4.1. Effect of food composition on the survival of SARS-CoV-2

Although there is no direct evidence about the impact of food components, e.g., water activity (aw), pH, protein, fat, sugar, and minerals, on SARS-CoV-2 stability, the general data about the effect of these intrinsic factors on food-borne viruses might come in handy. Coronaviruses are generally susceptible to acidic pH; however, it was suggested that SARS-CoV-2 is stable in a wide pH range from 3 up to 10 (Chin et al., 2020; Goli, 2020). Then, it must have been stable in almost all food products. Straube et al. (2010) reported that the avian influenza virus was inactivated in solutions containing 0.15, and 0.2% d,l-lactic acid, pH range 4.40–4.70, and 3.80 to 3.91, respectively, as opposed to 0.1% lactic acid solution (pH = 5.80 to 5.99) (Straube et al., 2010). Fortunately, lower pH values decline the heat stability of viruses (Goli, 2020).
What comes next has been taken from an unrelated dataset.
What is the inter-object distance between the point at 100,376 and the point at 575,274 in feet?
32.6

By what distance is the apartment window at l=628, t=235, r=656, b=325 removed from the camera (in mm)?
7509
In other words, it was observed that coronaviruses are more stable at 4 °C than higher temperatures (Kampf, Todt, Pfaender, & Steinmann, 2020). As the pH value decreases, the detrimental effects of higher temperatures on the virus will be more pronounced. As was stated, the higher aw in herbs, fruits, and vegetables might promote the sensitivity of enteric viruses to heat treatment (Bozkurt, D'Souza, & Davidson, 2015). Besides, a direct correlation between food protein content, and viral stability against thermal treatment was also observed. For instance, Rabenau et al. (2005) discerned that heat treatment of SARS-CoV in solutions with and without protein (20% fetal calf serum) led to about 1.93 and 5.01 log reduction in viral titer, respectively (Rabenau et al., 2005). Similarly, higher fat contents exert noticeable protection effects on viruses. More to the point, the thermal treatment of milk constituting different fat levels from 1 to 18% at 71 °C resulted in an increment on D-value of HAV from 1.64 to 3.16, respectively (Bertrand et al., 2014; Bozkurt et al., 2015). Increasing the sugar level of food products would also contribute to enhancing viral heat resistance (Bertrand et al., 2014).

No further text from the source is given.